À plein temps, Goliath, De nos frères blessés, L’ombre d’un mensonge

Dossier : Arts, lettres et sciencesMagazine N°775 Mai 2022
Par Christian JEANBRAU (63)

Notre cama­rade Chris­t­ian Jean­brau (63) nous pro­pose une nou­velle rubrique men­su­elle, autour du ciné­ma, qui rejoint nos deux rubriques con­sacrées à la musique (avec ou sans image). C’est un galop d’essai : ami lecteur, dis-nous tes sat­is­fac­tions et tes cri­tiques en com­men­taire ! c’est un des plaisirs du ciné­ma que de sus­citer des dis­cus­sions passionnées…

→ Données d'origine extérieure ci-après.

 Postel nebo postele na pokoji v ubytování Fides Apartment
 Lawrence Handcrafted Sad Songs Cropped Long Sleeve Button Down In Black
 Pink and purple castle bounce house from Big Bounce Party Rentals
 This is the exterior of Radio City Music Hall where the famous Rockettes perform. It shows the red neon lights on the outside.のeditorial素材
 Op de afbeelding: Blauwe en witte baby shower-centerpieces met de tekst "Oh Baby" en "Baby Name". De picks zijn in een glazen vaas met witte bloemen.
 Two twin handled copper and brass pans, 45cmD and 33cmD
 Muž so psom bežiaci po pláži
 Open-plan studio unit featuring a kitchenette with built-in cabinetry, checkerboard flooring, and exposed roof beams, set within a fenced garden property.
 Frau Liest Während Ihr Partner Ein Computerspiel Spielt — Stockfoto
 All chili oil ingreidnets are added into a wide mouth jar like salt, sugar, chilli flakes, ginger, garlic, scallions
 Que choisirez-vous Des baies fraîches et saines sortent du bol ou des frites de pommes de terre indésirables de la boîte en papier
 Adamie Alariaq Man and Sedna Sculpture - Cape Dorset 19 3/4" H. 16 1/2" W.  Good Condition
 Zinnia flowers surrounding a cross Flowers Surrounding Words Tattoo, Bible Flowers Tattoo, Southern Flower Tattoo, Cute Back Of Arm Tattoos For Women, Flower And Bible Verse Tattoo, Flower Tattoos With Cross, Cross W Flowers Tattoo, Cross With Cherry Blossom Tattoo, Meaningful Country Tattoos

Je n’ai jamais eu de cha­grin qu’une séance de ciné­ma n’ait dis­sipé (Mon­tesquieu, Pen­sées divers­es)
Repen­tir : au vrai, Mon­tesquieu a écrit « une heure de lecture… »

A plein tempsÀ PLEIN TEMPS 

Réal­isa­teur : Éric Grav­el — 1 h 25

Lau­re Calamy est décidé­ment épatante ! Le film roule à 200 à l’heure, c’est un tour­bil­lon inin­ter­rompu que l’ac­trice maîtrise avec une effi­cac­ité éton­nante, jamais écrasée par l’ac­cu­mu­la­tion sidérante des « emmerdes », entre son pavil­lon de ban­lieue et Paris que des grèves non pré­cisées mais qui clo­nent celles de 1995 met­tent au bout d’un chemin de croix. Elle tient bon, gère ses deux goss­es, mère seule, et son dynamisme fait mer­veille et notre empathique admi­ra­tion. Son statut pro­vi­soire de pre­mière femme de ser­vice dans un palace parisien est l’oc­ca­sion d’un volet doc­u­men­taire du film qui l’en­ri­chit de manière instruc­tive et réjouis­sante. Riche et dense. Men­tion bien !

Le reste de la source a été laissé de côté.